Thread: 83 Sqn Manchester L7426 lost March 9, 1942

  1. #1
    Join Date
    Nov 2008
    Location
    Toronto
    Posts
    1,231
    Thanks
    0
    Thanked 0 Times in 0 Posts

    Default 83 Sqn Manchester L7426 lost March 9, 1942

    Hi All,

    Well after a long absence, lost in the trenches of 1914-1918, I have returned to 1939-1945 and have a query about this a/c for a friend.

    It was shot down 4km NE of Enkhuisen, map reference Z.3762. The report says it crashed into the Ijsselmer and the nose broke through the ice. The Germans tried to rescue the crew but were unsuccessful.

    The only crew member I have details on is P/O William Arthur Harris J/5082, RCAF.

    The relative who has Harris's service file, provided the following account from it: "A further visit was made to Ehkhuizen on 5th September (1946) and Wachtmeester H. Grashuis contacted. This aircraft crashed in flames on the night of 9th March, 1942, according to this eyewitness. The aircraft is reported to have nosed its way through thick ice and the fuselage sank through the gush made by the nose. The aircraft wings lay resting on the ice with the nose above the ice when the Germans attempted to recover members of the crew."

    Can anyone tell me the other crew member names and perhaps an entry from the ORB?

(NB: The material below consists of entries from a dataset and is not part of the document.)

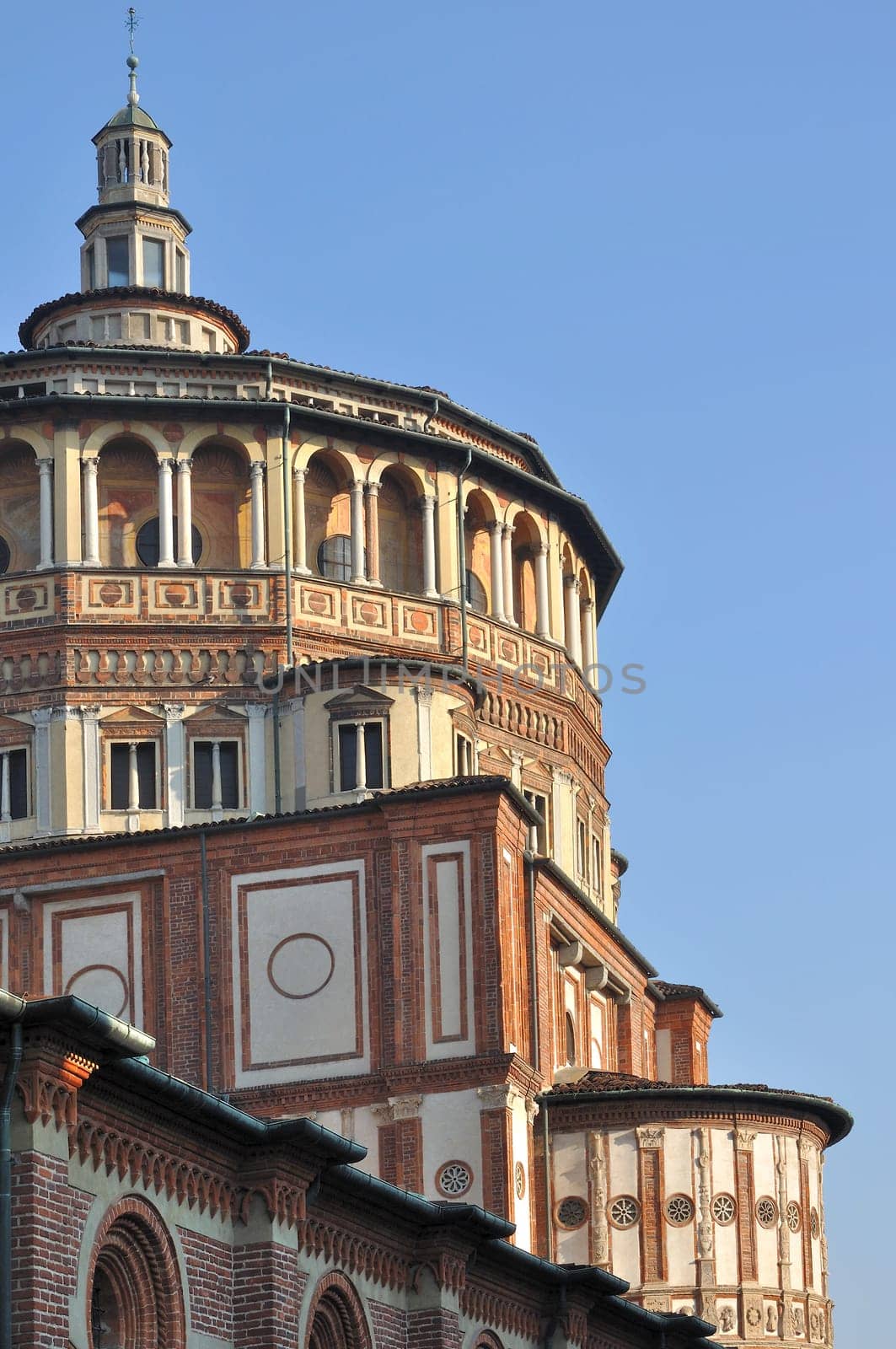 santa maria delle grazie dome, milano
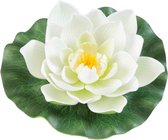Velda Waterlelie Lotus 17 Cm Foam Wit/groen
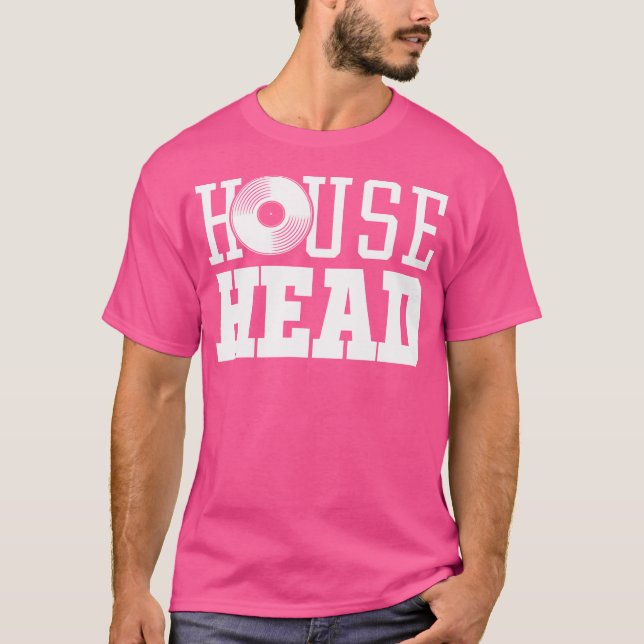Househead House Music Dj Vinyl Edm Festival T-Shirt (Front)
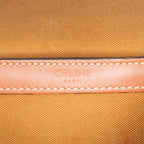 Celine Medium Triomphe Coated Canvas Folco Crossbody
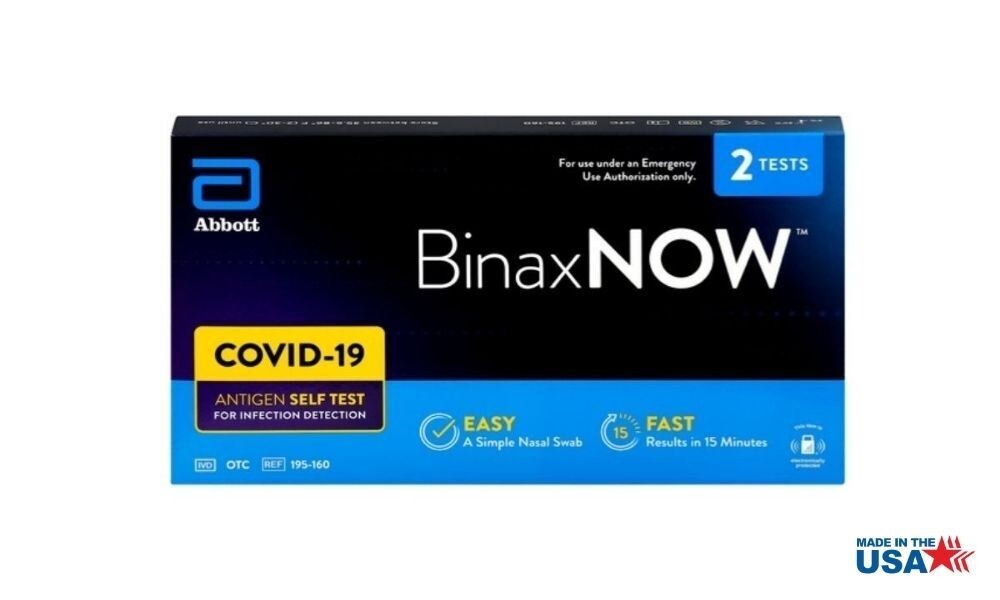 BinaxNOW COVID19 Antigen SelfTest Accurate & Easy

    thanks... and it's nice to be back again.
    David

  2. #2
    Join Date
    Dec 2007
    Posts
    1,011
    Thanks
    1
    Thanked 5 Times in 5 Posts

    Default

    Welcome back, we left a light burning ...
    http://www.filephotoservice.co.uk/
    RESEARCH AT THE NATIONAL ARCHIVES & OTHER UK INSTITUTIONS

  3. #3
    Join Date
    Nov 2008
    Location
    Toronto
    Posts
    1,231
    Thanks
    0
    Thanked 0 Times in 0 Posts

    Default

    LOL, thanks Bruce.

    I have obviously forgotten my SOP though... did a simple web search and found the crew of "OL-D", which was going/returning from a mission to Essen. So now just looking for extra details from ORB or similar.

    Pilot:P/O 114266 Christopher Ronald Frost DFM 25 RAFVR killed.
    Pilot:P/O 61282 Ian Frederick Livingstone 25 RAFVR killed.
    P/O J/5082 William Arthur Harris 24 RCAF killed.
    Flt/Sgt 901690 William Durham Biltcliffe 22 RAFVR killed.
    Sgt 1326330 Stanley Grunwell 27 RAFVR killed.
    Sgt 1376053 Harold Reginald Ray RAFVR killed.
    Wop/AG:Sgt 931488 Joseph Howard Stone RAFVR killed.
    David

  4. #4
    Join Date
    Nov 2007
    Location
    Cornwall
    Posts
    1,765
    Thanks
    0
    Thanked 0 Times in 0 Posts

    Default

    [QUOTE=dfuller52;116163]LOL, thanks Bruce.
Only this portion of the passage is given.